Par une ordonnance du 9 mars 2022, le juge des référés du tribunal judiciaire de Pontoise a désigné Mme [J] [K] en qualité d'expert judiciaire.

Par acte de commissaire de justice délivré les 21, 22 et 23 décembre 2022, la société Albingia a fait assigner en référé la société Bouygues Bâtiment Grand Ouest, la société Allianz Iard, la société Groupe Loiseleur Hauts de France Grand Paris et la société Groupama Paris Val de Loire aux fins de leur voir rendre communes et opposables les opérations d'expertise de Mme [J] [K] désignée par le tribunal judiciaire de Pontoise par ordonnance du 9 mars 2022.

Par ordonnance contradictoire rendue le 4 octobre 2023, le juge des référés du tribunal judiciaire de Pontoise a :

- débouté la société Albingia de ses demandes, fins et conclusions,

- dit n'y avoir lieu à application de l'article 700 du code de procédure civile,

- condamné la société Albingia aux dépens recouvrés directement pour ceux dont ils ont fait l'avance sans avoir reçu de provision au profit de Maître Stéphanie Grandjean et de Maître Séverine Gallas-Legal, par application des dispositions de l'article 699 du code de procédure civile.

Par déclaration reçue au greffe le 2 novembre 2023, la société Albingia a interjeté appel de cette ordonnance en tous ses chefs de disposition, à l'exception de ce qu'elle a dit n'y avoir lieu à application de l'article 700 du code de procédure civile.

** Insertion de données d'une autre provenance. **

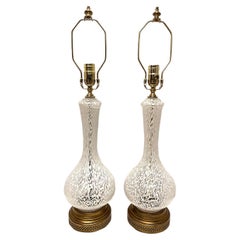 Pair of White Murano Glass Lamps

Dans ses dernières conclusions déposées le 15 décembre 2023 auxquelles il convient de se rapporter pour un exposé détaillé de ses prétentions et moyens, la société Albingia demande à la cour, au visa des articles 145 et 245 du code de procédure civile, de :

'au principal, renvoyer les parties à se pourvoir comme elles aviseront,

mais dès à présent, vu l'urgence et par provision,

- rendre communes aux parties requises, notamment Allianz et Groupama, les opérations d'expertise de Mme [J] [K] désignée par le tribunal judiciaire de Pontoise statuant en référé sur la demande du SDC Clos de la Grande Ferme par ordonnance du 9 mars 2022 (RG 21/01029).

- débouter la société Bouygues et Groupama de toute leurs demandes, fins et conclusions,

- condamner les parties requises à régler la somme de 1 000,00 euros chacune à la société Albingia.

- condamner les parties requises aux entiers dépens de première instance et d'appel, dont distraction de ces derniers à Maître Emmanuel Desportes.'

Dans ses dernières conclusions déposées le 16 janvier 2024 auxquelles il convient de se rapporter pour un exposé détaillé de ses prétentions et moyens, la société Bouygues Bâtiment Grand Ouest demande à la cour, au visa des articles 145 du code de procédure civile, 1792, 1792-4-1 et 1792-4-3 du code civil, de :

'- confirmer l'ordonnance rendue le 4 octobre 2023 par le juge des référés du tribunal judiciaire de Pontoise,

- débouter en conséquence la société Albingia de sa demande, comme étant dépourvue de motif légitime, toute action au fond étant manifestement irrecevable.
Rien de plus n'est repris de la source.